Invisible par excellence, irreprésentable, ne se donnant qu’entendue, la musique est par essence absence d’images, elle est l’absence d’icône qui se montre. Mais, comme dans un rêve, elle suscite des images et les met en mouvement. « La musique, en un sens, a un pouvoir descriptif nul, et, en un sens, un prodigieux pouvoir d’évoquer », résumait ainsi Alain en une parfaite formule2. Lorsque Canetti évoque les « arabesques acoustiques autour de Dieu » qu’il croit reconnaître dans les litanies des mendiants aveugles de Marrakech3, il énonce aussi bien l’image même d’un chant virtuel. Et, à leur tour, les images sonores qui découlent de la musique incitent au rêve, ou à la rêverie, et à l’envolée vers elle.

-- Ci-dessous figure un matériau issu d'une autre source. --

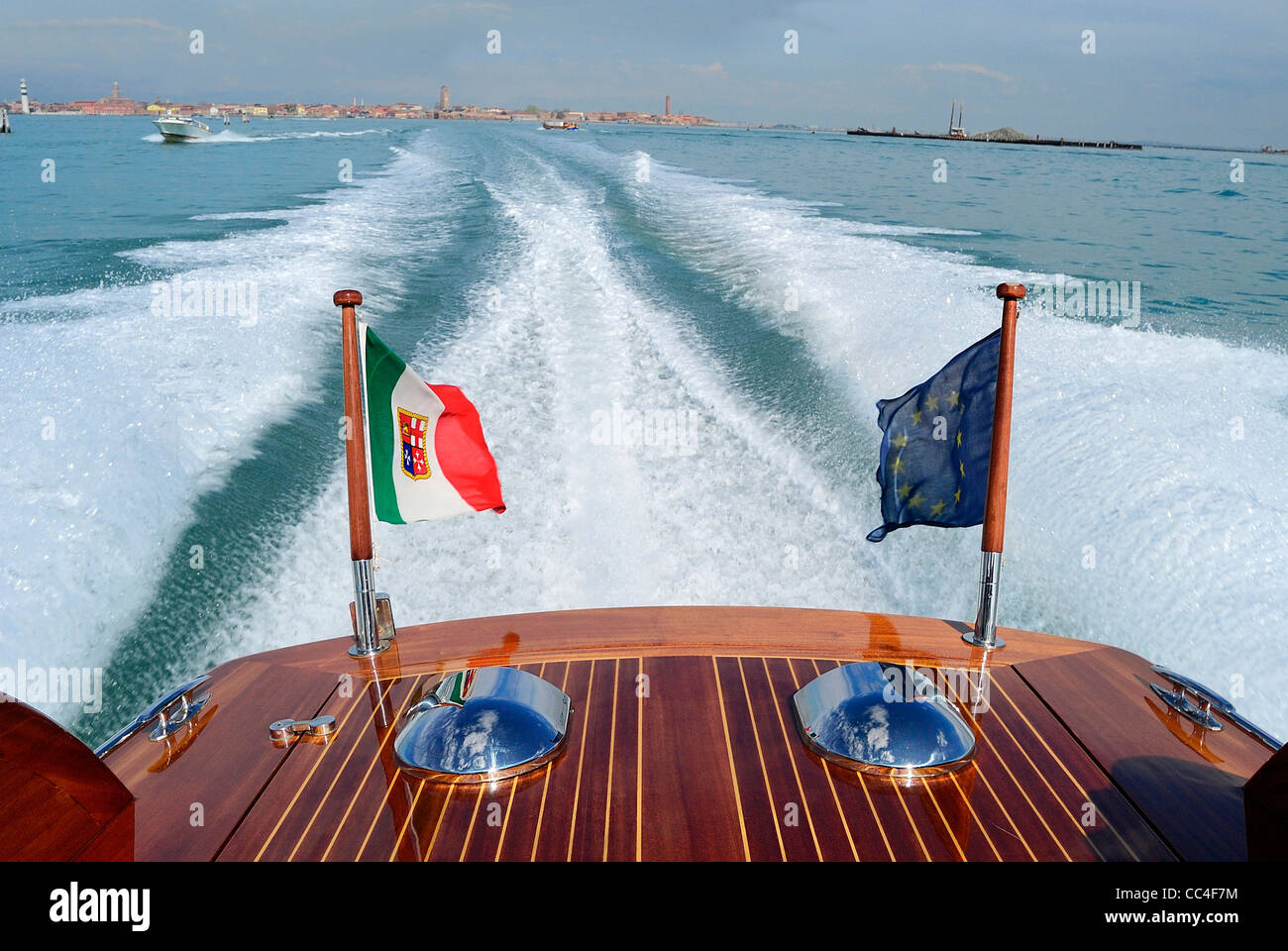 CANTIERE SERENELLA traditionellen venezianischen Wassertaxi in gesetzlicher Hohe Geschwindigkeit in der Lagune von Venedig auf dem Weg zum Markusplatz Venedig, Venedig, Italien Stockfoto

Igor Stravinsky rejetait pourtant avec fermeté l’idée selon laquelle l’écoute de la musique se ferait « sans une part active de l’oeil », critiquant vertement à cette occasion ceux qui, parmi les auditeurs, préfèrent « l’absence de distractions visuelles » leur permettant de « s’adonner à des rêvasseries sous le bercement des sons ».